Demand-driven technical assistance and capacity development: We will continue to provide robust and flexible technical assistance (TA) and capacity development (CD) to key justice actors, including state institutions, such as the Judiciary, legal aid organizations (LAOs) and civil-society that represent marginalized groups. Project staff will maintain sustained communication with local partners in order to efficiently provide advice, design TA and CD packages, and foster constructive peer exchange.

SubgrantsWe will remain focused on putting resources into the hands of justice actors and engage in expanding justice access and strengthening justice services. While providing primary grants to organizations in BRA, SWS, and for the time being in Somaliland, we will make substantial use of flexible small grants to test and scale interventions based on learning, particularly in early recovery areas.

Strategic communication: We will place increased emphasis on strategic communication as we embrace a stabilization approach. We will deploy a multimedia strategy aimed at promoting legal awareness, driving use of justice institutions in the plural environment that promise the best outcome for the aggrieved party, and promoting community engagement in justice co-creation and service delivery improvement efforts as a corollary diverting support for al Shabab-provided justice services.

Research and analysis: We will focus on generating practical research and contextual analysis that cultivate tight feedback loops and support project decision making. This will mean conducting rapid assessments of local needs and opportunities as the project enters new communities. It will also involve continuing everyday Applied Political Economy Analysis (APEA) led by deployed research sentinels.

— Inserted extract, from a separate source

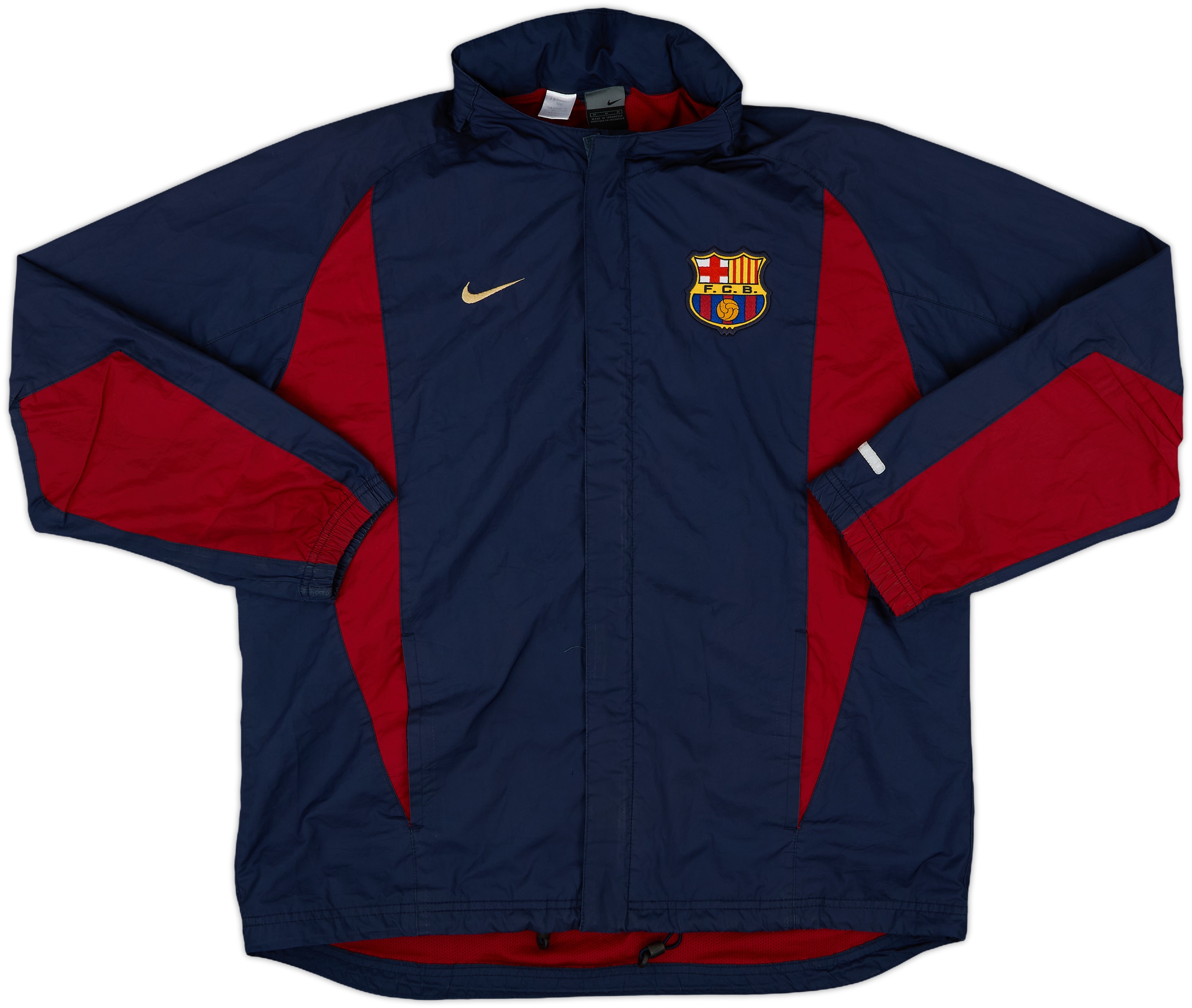 2002-03 Barcelona Nike Hooded Rain Jacket - 8/10 - (M)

In adopting a stabilization approach, the EAJ team understands that programmatic success depends on a sound operational approach. We are substantially retooling our delivery structure to ensure context-driven implementation, particularly in early recovery areas, and effective integration of project components. Key elements of our operational approach will include:

  • Establishment of an operational center in Mogadishu: We will establish a nerve center in Mogadishu and a satellite operational center in Baidoa. While some key back-end support functions will continue to sit in Nairobi, the majority of technical staff will be based in Mogadishu, with linkages to a field office in SWS. The operational center will allow for real-time justice advice to aggrieved parties, particularly in early recovery areas, which will consist of formal legal and shari’ah expertise. Its staff will liaise closely with partners and researchers that have in-depth socio-political understanding of the respective localities and ensure that their justice advice is relevant in particular localities.
  • Organization around service units: EAJ was previously organized around ‘components,’ which aligned with the original project objectives. In order to foster a more integrated approach, the project team will be organized around ‘service units’, including research and analysis, capacity development, technical legal support, and grants services , which contribute across all project objectives.
  • Security approachEAJ’s safety-first approach is directed by its Safety Plans and linked to Pact Inc.’s global security mechanism. EAJ will combine the use of in-house security, and extend the contracting of its current security firm, Vates Corp, to provide office and travel security in its work in BRA and SWS. Safety assessments will be undertaken during all operational center meetings to inform all program decision-making.
  • Harm mitigation: Despite our robust security approach, deploying a stabilization approach presents key programmatic risks. In operating in early recovery areas, we will necessarily forfeit some of our autonomy as we operate within an environment at least initially under the control of the Ministry of Interior and Federal Affairs-led recovery groups and security forces. In an environment marked by complex and often hidden conflict dynamics, we recognize that information will likely be imperfect. However, we will maintain a protection and harm mitigation strategy. This will include rigorous contextual analysis of the respective localities in order to understand underpinning political economies, conflict dynamics, and potential dynamics of corruption.